ABOUT THIS EXERCISE
Write out word for word the lines from the one holding "Moto kuryenin çarptığı" through the end of the data, and only those lines. Pictures stay out.

SUPPLIED INFORMATION
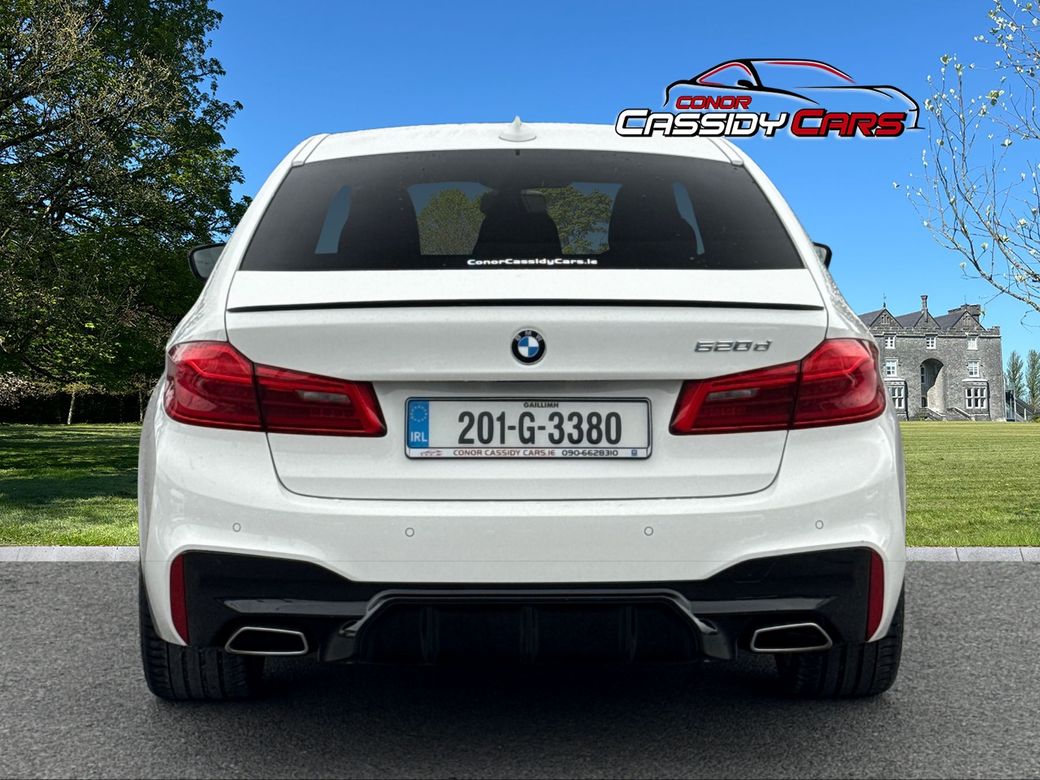 2020 BMW 520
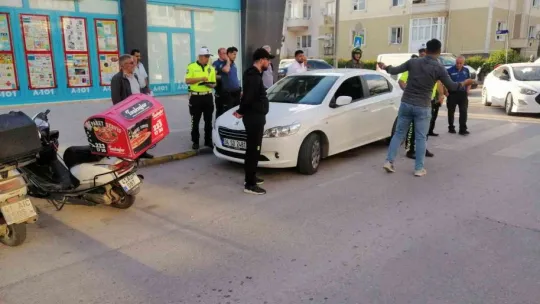 Moto kuryenin çarptığı epilepsi hastası yaya atak geçirdi, vatandaşlar panik oldu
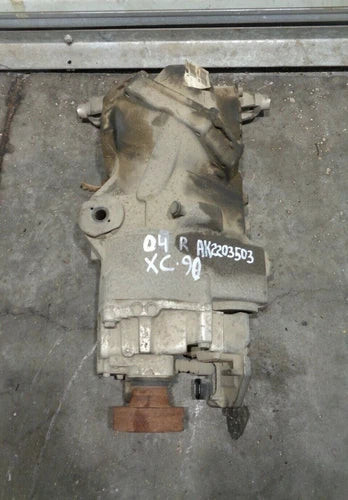 2003-2007 Volvo XC90 Rear 08689633 AK2203503 Used OEM Rear Differential Carriers used OEM rear differential carrier assembly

REPLY TO THE EXERCISE
 Moto kuryenin çarptığı epilepsi hastası yaya atak geçirdi, vatandaşlar panik oldu
 2003-2007 Volvo XC90 Rear 08689633 AK2203503 Used OEM Rear Differential Carriers used OEM rear differential carrier assembly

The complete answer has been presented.